▶ _Information supplied_

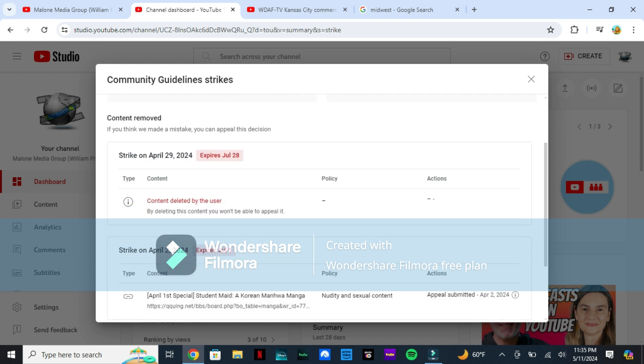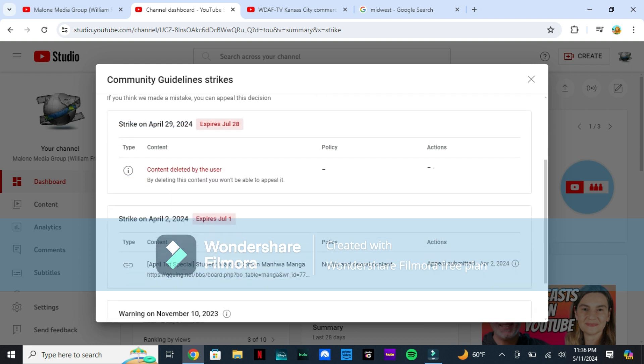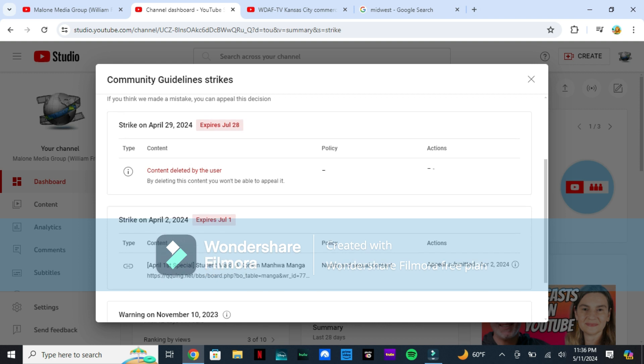All my videos are on private. I'll switch them back to public once my penalty period ended.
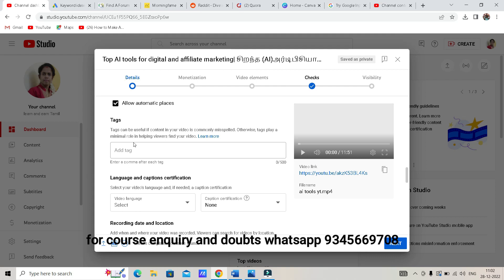It will get ranked — that is a major role. In Tags, we will put the keywords. The title, keywords in tags — when these are repeated, it will get ranked.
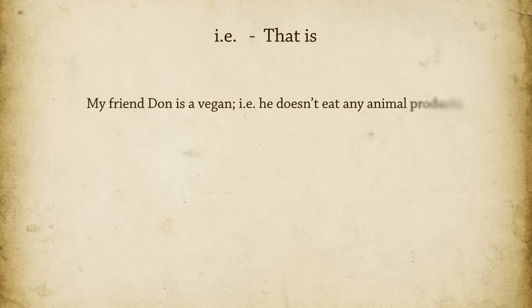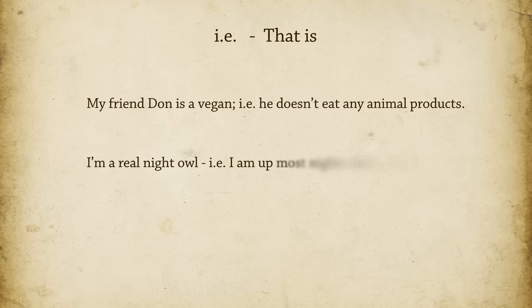You use ie to clarify a statement in your writing. It introduces explanatory information, or lets you say something another way. For example: My friend Don is a vegan, ie, he doesn't eat any animal products. I'm a real night owl, ie, I am up most nights until 2am.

▶ _Goal of the exercise_
From the first line to the last, give the data again exactly, but without pictures.

▶ _Written response_
All my videos are on private. I'll switch them back to public once my penalty period ended.
It will get ranked — that is a major role. In Tags, we will put the keywords. The title, keywords in tags — when these are repeated, it will get ranked.
You use ie to clarify a statement in your writing. It introduces explanatory information, or lets you say something another way. For example: My friend Don is a vegan, ie, he doesn't eat any animal products. I'm a real night owl, ie, I am up most nights until 2am.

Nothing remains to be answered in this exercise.